Text by Andreas Schleagel

Personal Cloud

TS ECHOES 6.jpg
 
 

By Andreas Schleagel


A dwarf of little more than two feet, a giant elephant, Siamese twins, a pseudo-microcephalic fiddle player, a mummified mermaid - the most famous circus of the world was best known for its spectacular displays of monstrosities. After all it was the „biggest show on earth“ as its most prolific American protagonist of the circus, P. T. Barnum, billed his gigantic mobile extravaganza. Yet the success of this enterprise, bridging the artistic and entrepreneurial, had a powerful influence on our society today, mainly by effecting the development of the entertainment industries.
When contemporary art these days is discussed publicly, it is often along the lines of the spectacular, the price being one of the key factors. Gigantic numbers appear, toppling records, putting forth a rationality that states the obvious, that visual arts are currently in the process of being sucked into the much larger and exploitation-oriented concept of an entertainment industry, that is hungry for ever greater spectacles.
In this context, by taking on processes, that border on the invisible and making them transparent, while working with phenomena that in their very essence are ephemeral and commonplace, Sandegård achieves a paradoxical success in making a show out of what appears to be nothing at all. But is it really?

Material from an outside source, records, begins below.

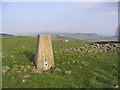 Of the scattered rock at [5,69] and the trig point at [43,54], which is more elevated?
the trig point at [43,54]

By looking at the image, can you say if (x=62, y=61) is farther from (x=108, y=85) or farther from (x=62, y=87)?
(x=108, y=85)

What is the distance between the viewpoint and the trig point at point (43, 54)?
10.5 metres

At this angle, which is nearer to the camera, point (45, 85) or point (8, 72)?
point (45, 85)

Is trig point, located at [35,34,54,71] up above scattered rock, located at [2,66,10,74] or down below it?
above

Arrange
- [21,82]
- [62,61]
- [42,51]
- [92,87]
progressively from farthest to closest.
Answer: [62,61] < [42,51] < [21,82] < [92,87]

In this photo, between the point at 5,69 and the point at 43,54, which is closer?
the point at 5,69

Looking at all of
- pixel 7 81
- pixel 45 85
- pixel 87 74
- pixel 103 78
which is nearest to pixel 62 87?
pixel 45 85

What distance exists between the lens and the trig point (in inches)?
413

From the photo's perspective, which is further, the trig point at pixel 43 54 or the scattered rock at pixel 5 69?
the trig point at pixel 43 54

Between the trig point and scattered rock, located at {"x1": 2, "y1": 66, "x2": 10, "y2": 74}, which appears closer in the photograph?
scattered rock, located at {"x1": 2, "y1": 66, "x2": 10, "y2": 74}

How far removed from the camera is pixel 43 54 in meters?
10.7

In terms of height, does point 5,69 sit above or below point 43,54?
below

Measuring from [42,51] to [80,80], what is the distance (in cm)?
452

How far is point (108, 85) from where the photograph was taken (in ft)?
24.9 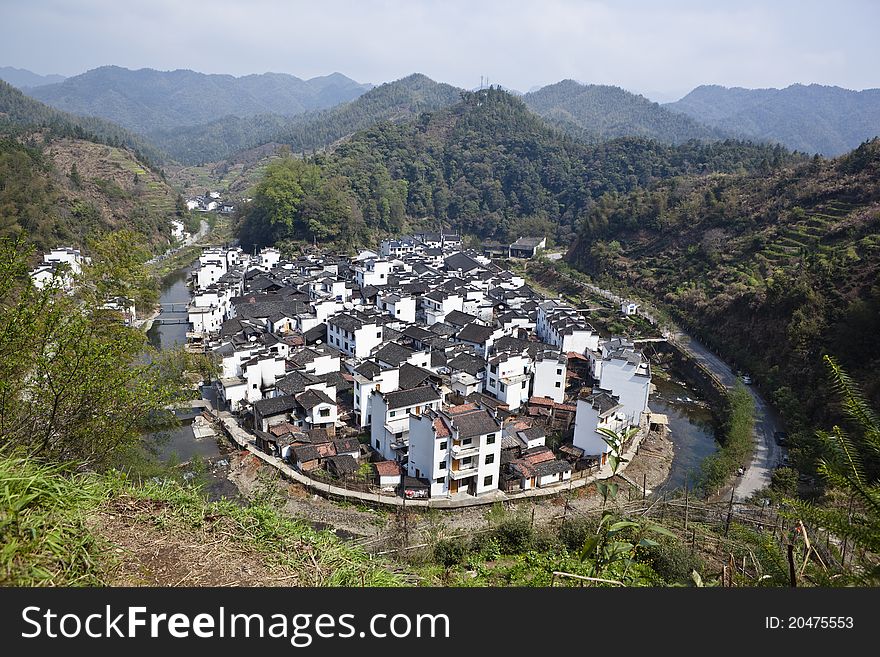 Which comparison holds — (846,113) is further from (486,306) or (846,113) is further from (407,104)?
(486,306)

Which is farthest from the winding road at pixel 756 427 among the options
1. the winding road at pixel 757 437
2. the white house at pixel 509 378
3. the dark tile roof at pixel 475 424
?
the white house at pixel 509 378

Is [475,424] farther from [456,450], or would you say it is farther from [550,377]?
[550,377]

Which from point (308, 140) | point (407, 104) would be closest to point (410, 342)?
point (308, 140)

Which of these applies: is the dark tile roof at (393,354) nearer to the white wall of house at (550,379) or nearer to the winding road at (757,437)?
the white wall of house at (550,379)

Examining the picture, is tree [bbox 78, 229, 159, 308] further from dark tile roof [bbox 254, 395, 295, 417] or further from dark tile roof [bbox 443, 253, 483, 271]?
dark tile roof [bbox 443, 253, 483, 271]

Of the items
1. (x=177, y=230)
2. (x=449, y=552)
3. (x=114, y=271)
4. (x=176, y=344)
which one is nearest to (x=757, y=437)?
(x=449, y=552)

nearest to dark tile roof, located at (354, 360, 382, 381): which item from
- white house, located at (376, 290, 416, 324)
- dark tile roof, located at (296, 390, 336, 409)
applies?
dark tile roof, located at (296, 390, 336, 409) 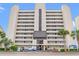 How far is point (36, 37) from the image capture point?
3867 mm

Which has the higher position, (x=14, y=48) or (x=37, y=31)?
(x=37, y=31)

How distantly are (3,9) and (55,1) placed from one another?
88cm

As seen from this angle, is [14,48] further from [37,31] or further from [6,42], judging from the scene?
[37,31]

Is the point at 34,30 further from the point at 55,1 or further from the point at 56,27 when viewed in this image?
the point at 55,1

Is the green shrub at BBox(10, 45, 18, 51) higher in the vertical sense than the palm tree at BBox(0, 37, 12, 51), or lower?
lower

The protagonists of his work seem to manifest themselves out of nothing: forms made of ice appear on a wall, as if out of the blue. The shapes of these fields of ice appear to mimic the forms of islands, like the tiny atolls in the pacific ocean, that are slowly disappearing from the face of the earth, due to the oceans‘ slowly rising water levels, that again are a direct effect of the climate disaster, commonly referred to in the euphemist terms of a mere climate change.
Sandegård‘s art draws one part of its magic from making invisible things visible, like the movements of miniscule particles of dust that float about, hovering in mid-air. In his work this dust doesn‘t appear directly in front of our eyes, but on a computer screen, their appearance is mediated, in a sense they are televised (in a way the revolution will not be, as we all know). These specks of dust are only one fraction of the key players in the bizarre theatre of the artist, who are the others, Sandegård‘s siamese twins, pinheads and giant elephants, so to speak, and what is the show is about?


No Sweat

The colloquial expression implies things will be all right, casually linking two most obviously disparate issues - problems and bodily functions.
Sweat may be discomforting, but it‘s essential. While one can consciously control many essential bodily functions, such as breathing, it is impossible to subdue sweating. Whether its heat, nervousness or nausea: without mercy, or at least regard for your social ambitions, your hypothalamus will send signals to your sweat glands, that are distributed over the entire surface of your body. And presto: there you go producing the substance that at once cools, and thereby stains shirts at the armpits and leaves glistening beads on your forehead, revealing just how hot - or uncool you really are.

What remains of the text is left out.